White House To Review Support For Saudi-Led Coalition After Yemen Funeral Bombing
RACHEL MARTIN, HOST:
We've talked a lot about the civil war in Syria, over the last few weeks especially. But there's another conflict raging in Yemen that's also politically very complicated. A deadly air strike on a funeral in the capital yesterday killed more than 140 people. And now the White House says it's going to review its military support for the Saudi Arabia-led air campaign there. NPR's Alison Meuse has more from Beirut. She joins us.
Alison, what more can you tell us about this attack?
ALISON MEUSE, BYLINE: Hi. Well, the strikes targeted the largest private hall in Sanaa, which is used for weddings and, in this case, a funeral. On yesterday, hundreds of mourners, including children, were attending a funeral for the father of a high-ranking minister. We should mention Sanaa has been held by the Houthi rebels and their allies for more than a year and a half.
A video posted online shows part of the attack. You see smoke rising from the funeral hall and then another one hitting. Now NPR verified the authenticity of the video with the Yemeni journalist we work with. He spoke to witnesses who said the second attack came as ambulances were arriving to evacuate the wounded. And in the end, the U.N. said over 140 people were killed.
MARTIN: So what do we know, Alison, at this point as to what the U.S. role is in this conflict right now?
MEUSE: Well, the U.S. has been supporting Saudi campaign diplomatically and militarily.
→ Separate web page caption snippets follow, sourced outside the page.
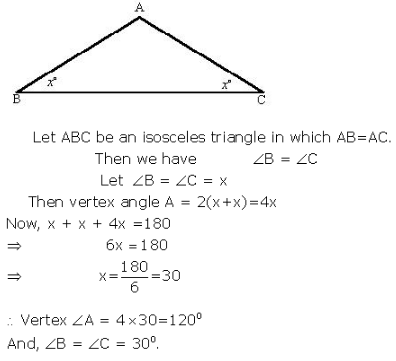 RS Aggarwal Solutions Class 9 Chapter 5 Congruence of Triangles and Inequalities in a Triangle 5a 4.1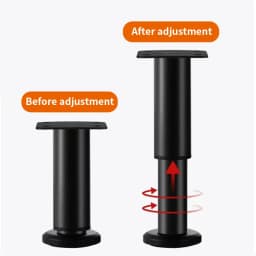 4pcs Adjustable Height Furniture Support Legs, Black Telescopic Table Legs, Used for Tables, Bed Frames, TV Cabinets, Sofas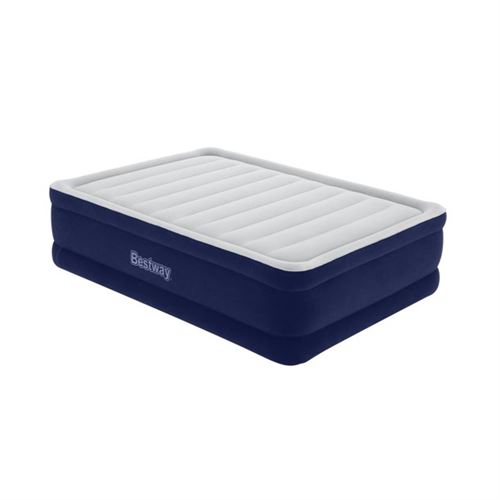 Bestway Tritech™ Air Mattress Queen 22" with Built-in AC Pump and Antimicrobial Coating 120 Volts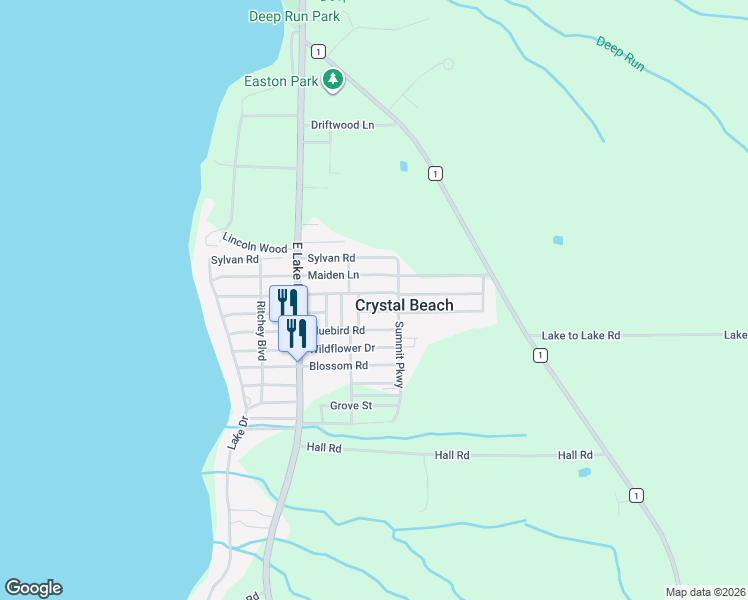 map of restaurants, bars, coffee shops, grocery stores, and more near 4532 Greenbriar Drive in Canandaigua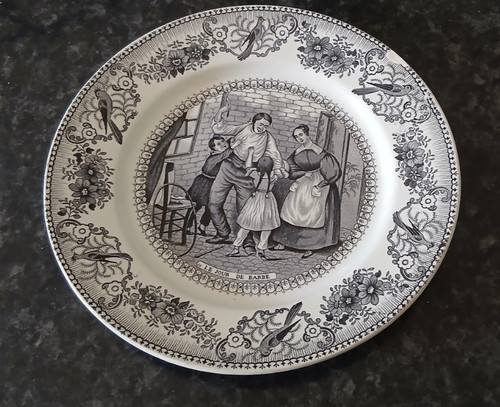 Ancienne assiette parlante - , "le
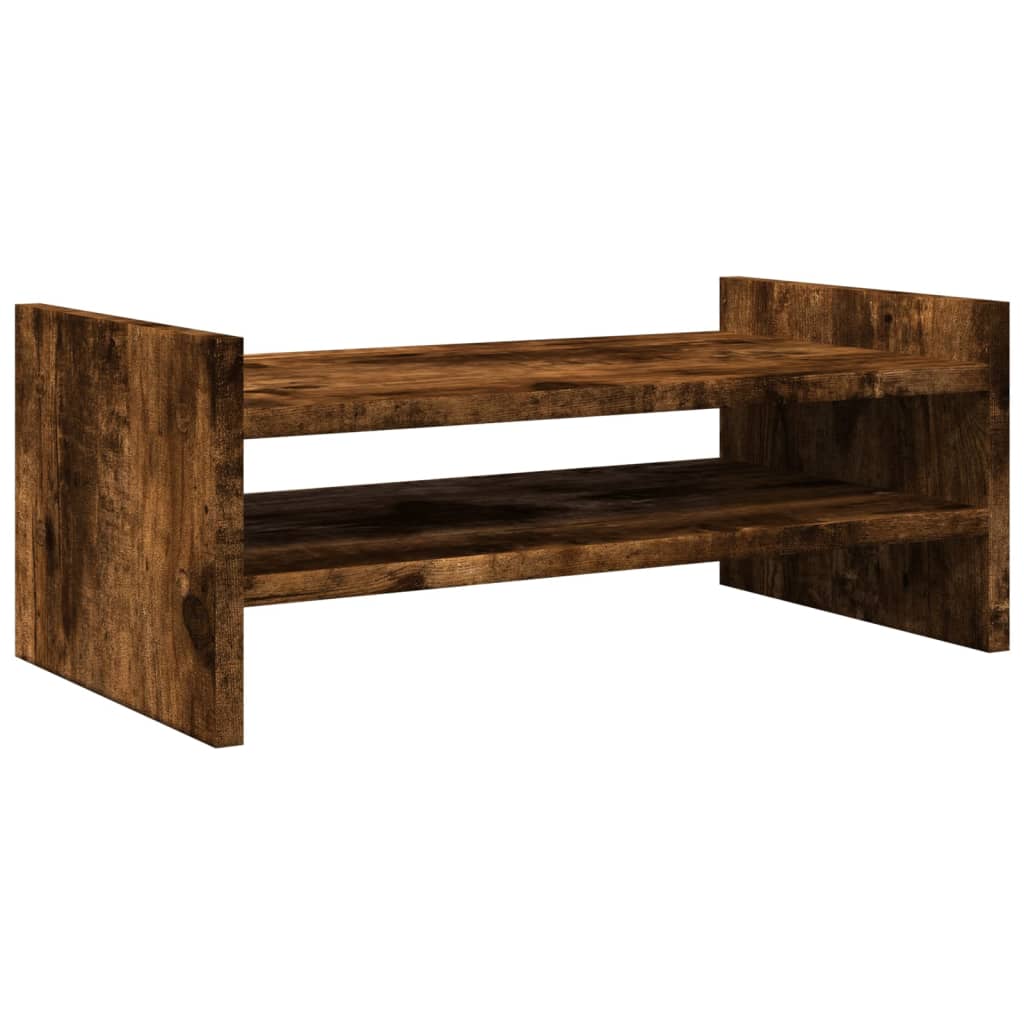 Monitor Stand Smoked Oak 50x27x20 cm Engineered Wood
The U.S. recently approved an over $1 billion military sale to Saudi Arabia. But this has been called into question by some U.S. lawmakers over the war in Yemen. The U.N. human rights chief has sought an independent international inquiry into human rights abuses committed in Yemen, not just by Saudi Arabia but also by the Houthi rebels. But that met fierce resistance from Saudi Arabia.
And in the end, the U.S. and other Western backers dropped support for such an investigation.
MARTIN: So what's been the reaction in Yemen to this latest attack?
MEUSE: Well, there were mass protests today in Sanaa against the Saudi coalition. NPR spoke to a Yemeni journalist who says everyone knows someone who was killed. This was one of the most deadly attacks, if not the most deadly attack, of the conflict. And there are other reasons for Yemenis to be upset. The exiled government recently decided to move the central bank from the capital to its outpost in the city of Aden, and people haven't been getting salaries.
The Saudi-led coalition continues to blockade Houthi-held ports. The Houthis continue to enforce sieges of their own. The U.N. says half the country is now on the verge of famine. Now, peace talks between the warring sides broke down in August. Now both sides have been targeting civilians, but this attack puts a spotlight on the superior firepower of the coalition, how it's waging the war and, of course, U.S. support.
MARTIN: NPR's Alison Meuse reporting on this from Beirut. Alison, thank you so much.